TASK DESCRIPTION
Copy, word for word, each line of the data below from the first through the line containing "Ocean Conservation and Plastic Pollution", and stop there.

[Start of section]

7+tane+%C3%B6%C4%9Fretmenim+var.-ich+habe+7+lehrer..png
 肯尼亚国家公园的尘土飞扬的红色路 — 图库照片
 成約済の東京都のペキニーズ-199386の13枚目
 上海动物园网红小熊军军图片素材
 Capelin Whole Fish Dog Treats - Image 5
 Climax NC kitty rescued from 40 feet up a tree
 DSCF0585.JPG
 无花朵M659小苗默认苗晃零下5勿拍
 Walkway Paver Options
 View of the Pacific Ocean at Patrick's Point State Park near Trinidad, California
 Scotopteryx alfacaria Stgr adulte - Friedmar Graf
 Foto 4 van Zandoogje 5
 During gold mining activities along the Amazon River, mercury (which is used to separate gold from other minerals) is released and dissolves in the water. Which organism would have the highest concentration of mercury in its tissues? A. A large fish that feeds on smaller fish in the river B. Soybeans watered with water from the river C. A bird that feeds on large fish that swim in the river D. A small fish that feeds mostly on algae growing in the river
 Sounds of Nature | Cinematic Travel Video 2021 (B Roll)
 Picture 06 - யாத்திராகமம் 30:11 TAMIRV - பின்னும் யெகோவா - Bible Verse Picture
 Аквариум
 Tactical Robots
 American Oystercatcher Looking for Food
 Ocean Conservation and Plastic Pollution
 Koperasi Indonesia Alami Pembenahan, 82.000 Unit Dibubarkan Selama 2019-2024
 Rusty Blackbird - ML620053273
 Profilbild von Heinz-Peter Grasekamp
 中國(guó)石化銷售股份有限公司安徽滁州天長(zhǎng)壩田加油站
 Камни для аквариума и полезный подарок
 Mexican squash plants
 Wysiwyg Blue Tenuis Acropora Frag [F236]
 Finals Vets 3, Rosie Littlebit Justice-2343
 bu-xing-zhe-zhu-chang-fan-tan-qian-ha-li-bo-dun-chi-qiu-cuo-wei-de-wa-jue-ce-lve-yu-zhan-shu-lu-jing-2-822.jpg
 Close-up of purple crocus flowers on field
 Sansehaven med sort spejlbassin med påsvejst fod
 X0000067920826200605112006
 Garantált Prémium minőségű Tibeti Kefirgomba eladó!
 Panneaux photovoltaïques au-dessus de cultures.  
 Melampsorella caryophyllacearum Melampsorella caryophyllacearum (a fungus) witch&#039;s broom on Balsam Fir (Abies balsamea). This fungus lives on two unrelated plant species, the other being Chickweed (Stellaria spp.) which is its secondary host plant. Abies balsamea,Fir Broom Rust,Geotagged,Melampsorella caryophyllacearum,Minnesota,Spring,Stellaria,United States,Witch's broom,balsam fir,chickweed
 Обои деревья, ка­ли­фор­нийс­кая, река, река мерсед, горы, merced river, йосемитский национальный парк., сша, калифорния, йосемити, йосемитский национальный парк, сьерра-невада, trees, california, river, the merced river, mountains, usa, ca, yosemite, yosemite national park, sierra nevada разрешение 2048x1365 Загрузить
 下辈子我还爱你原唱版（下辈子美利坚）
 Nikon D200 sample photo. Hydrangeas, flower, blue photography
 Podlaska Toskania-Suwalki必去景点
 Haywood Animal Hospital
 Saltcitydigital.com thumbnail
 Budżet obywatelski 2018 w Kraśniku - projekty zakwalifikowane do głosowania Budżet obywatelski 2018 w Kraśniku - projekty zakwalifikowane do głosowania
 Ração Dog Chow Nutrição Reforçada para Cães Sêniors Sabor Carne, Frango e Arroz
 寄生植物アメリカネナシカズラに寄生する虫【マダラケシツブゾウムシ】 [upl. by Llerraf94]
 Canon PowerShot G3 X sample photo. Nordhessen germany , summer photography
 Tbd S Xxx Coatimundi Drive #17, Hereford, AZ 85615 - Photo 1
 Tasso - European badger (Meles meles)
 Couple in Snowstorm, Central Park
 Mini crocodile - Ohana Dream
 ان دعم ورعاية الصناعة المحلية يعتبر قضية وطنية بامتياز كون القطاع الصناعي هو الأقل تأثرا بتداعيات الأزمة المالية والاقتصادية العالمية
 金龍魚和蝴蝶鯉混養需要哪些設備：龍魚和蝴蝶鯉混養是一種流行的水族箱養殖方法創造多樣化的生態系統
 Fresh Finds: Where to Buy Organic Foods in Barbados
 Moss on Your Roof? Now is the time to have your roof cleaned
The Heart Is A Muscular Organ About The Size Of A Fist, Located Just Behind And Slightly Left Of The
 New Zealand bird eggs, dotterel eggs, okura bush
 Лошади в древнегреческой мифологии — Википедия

[End of section]

TASK ANSWER
7+tane+%C3%B6%C4%9Fretmenim+var.-ich+habe+7+lehrer..png
 肯尼亚国家公园的尘土飞扬的红色路 — 图库照片
 成約済の東京都のペキニーズ-199386の13枚目
 上海动物园网红小熊军军图片素材
 Capelin Whole Fish Dog Treats - Image 5
 Climax NC kitty rescued from 40 feet up a tree
 DSCF0585.JPG
 无花朵M659小苗默认苗晃零下5勿拍
 Walkway Paver Options
 View of the Pacific Ocean at Patrick's Point State Park near Trinidad, California
 Scotopteryx alfacaria Stgr adulte - Friedmar Graf
 Foto 4 van Zandoogje 5
 During gold mining activities along the Amazon River, mercury (which is used to separate gold from other minerals) is released and dissolves in the water. Which organism would have the highest concentration of mercury in its tissues? A. A large fish that feeds on smaller fish in the river B. Soybeans watered with water from the river C. A bird that feeds on large fish that swim in the river D. A small fish that feeds mostly on algae growing in the river
 Sounds of Nature | Cinematic Travel Video 2021 (B Roll)
 Picture 06 - யாத்திராகமம் 30:11 TAMIRV - பின்னும் யெகோவா - Bible Verse Picture
 Аквариум
 Tactical Robots
 American Oystercatcher Looking for Food
 Ocean Conservation and Plastic Pollution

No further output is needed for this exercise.